1) How often does the power go out and when it happens, how long is the outage? If you're only without juice for an hour or so once every few years (like me), it probably doesn't make economic sense to put in a permanently-installed, whole-house backup power system. If you have regular (once or more a year) outages and they last for days, go to question two.

2) Does the house/shop use electricity for heat, hot water, cooking or clothes drying? If the answer is "no" to all four items, a small (5 kilowatt or less) generator is all you need. If the answer is "yes" to any item, or worse case, it's "yes" to all four items, you'll need a much larger (10 to 20 kilowatt) generator.

Evaluate these questions and you'll have a starting point to see to see how much $$ is involved.

Good Luck

Gary


----------



## ontario hay man

I like pto generators. They are handy and portable.


----------



## slowzuki

Around here you can get bigger generators cheaper than small ones. Once a guy can't roll it in and out of his garage the resale market is pretty poor. 5kW-20kW easy to find but often 3 phase and high voltage, assume you need a step down transformer as a start.
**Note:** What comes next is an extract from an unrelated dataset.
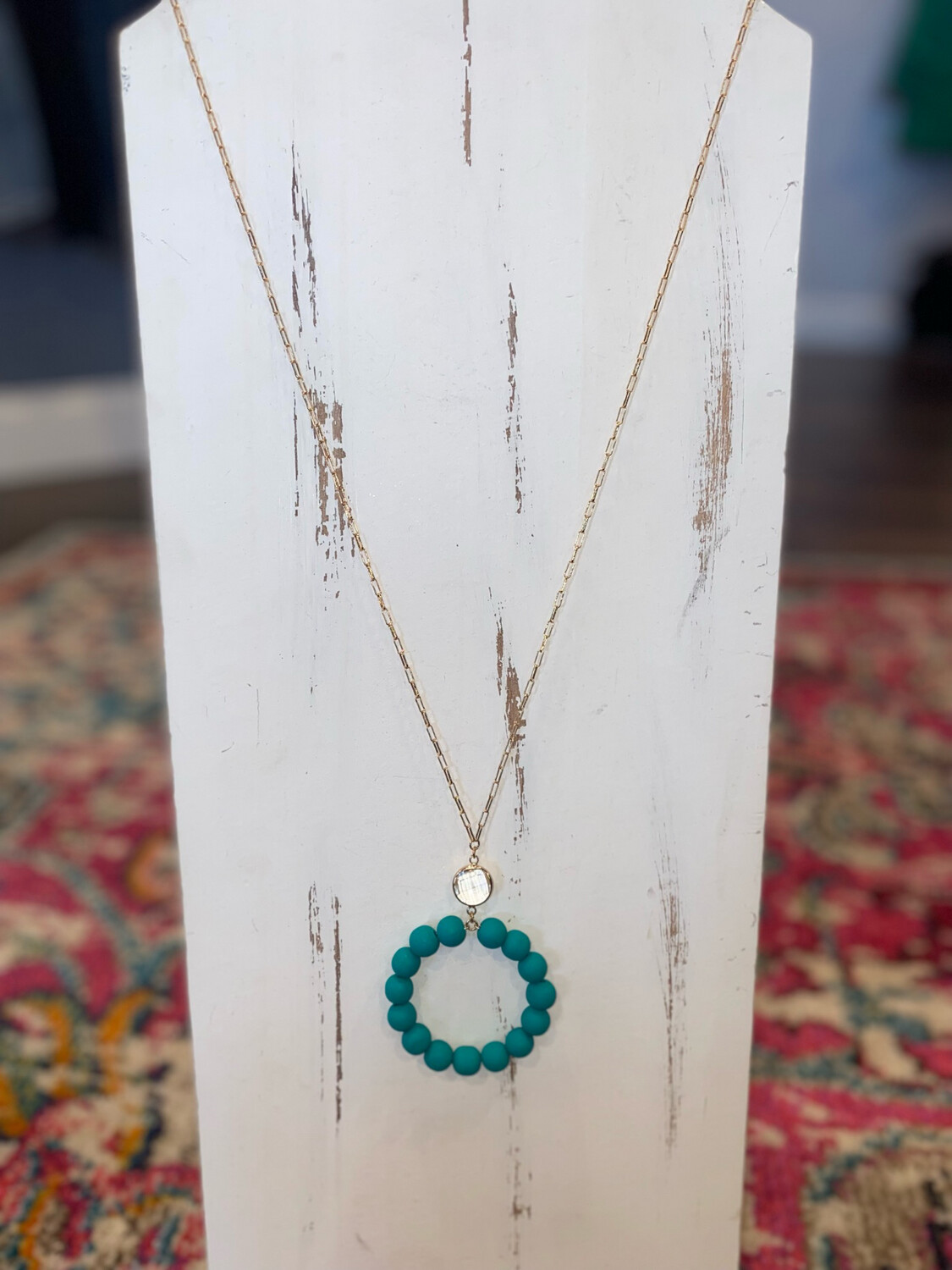 Teal Clay Beaded Hoop Necklace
Like Ontario says, the pto generators are pretty cheap but you'd better have an old reliable tractor to run it with or a stationary diesel to hook it too. Usually need your chore tractor for feeding, plowing etc and often clearing trees when power is out, plus it racks up a lot of hours.


----------



## swmnhay

Most guys around here run a PTO unit if they have a house plus some livestock stuff to run.It's a lot cheaper then having another engine sitting there not being used much when you have a shed full of tractors sitting there already.

Just a house you can get buy with a gas powered 5KW

The hog confinements run automatic units that start within seconds of the power going out,pit gases could kill the pigs otherwise.

Here is my Price on a Katolight/MTU 25 KW PTO.5 yr warranty.

25 KW Generator $3445
PTO shaft $175
Trailer $680
10' cord set $257
Total $4557

Some guys build there own trailers or use a old PTO shaft to save some $


----------



## ontario hay man

How much would shipping to Ontario be cy.


----------



## swmnhay

ontario hay man said:


> How much would shipping to Ontario be cy.


No idea.But I could find out.Just need your zip code.


----------



## ontario hay man

Its postal code up here lol. L9v3l9. I havnt priced them for a while but off the top of my head that sounds really cheap.


----------



## Teslan

glinka said:


> Thinking about whole house/barn generator. Are these worth installing or a waste of money? Thinking about Generac generator run by LP.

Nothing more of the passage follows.